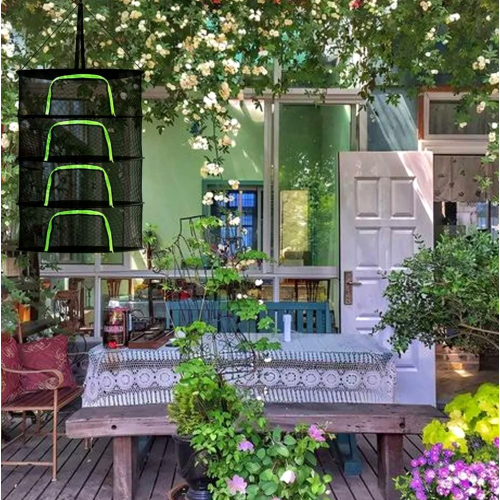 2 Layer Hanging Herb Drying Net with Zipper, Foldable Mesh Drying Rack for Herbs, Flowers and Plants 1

◆ ◆ ◆

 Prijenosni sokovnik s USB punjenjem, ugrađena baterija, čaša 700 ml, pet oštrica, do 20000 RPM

◆ ◆ ◆

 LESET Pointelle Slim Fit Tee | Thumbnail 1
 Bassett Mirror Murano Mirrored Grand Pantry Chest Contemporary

◆ ◆ ◆

*WHAT YOU NEED TO DO:* Give back exactly the lines above, from the line containing "LESET Pointelle Slim Fit Tee | Thumbnail 1" through the line containing "Bassett Mirror Murano", with both end lines and nothing more.

*RESPONSE AREA:*
 LESET Pointelle Slim Fit Tee | Thumbnail 1
 Bassett Mirror Murano Mirrored Grand Pantry Chest Contemporary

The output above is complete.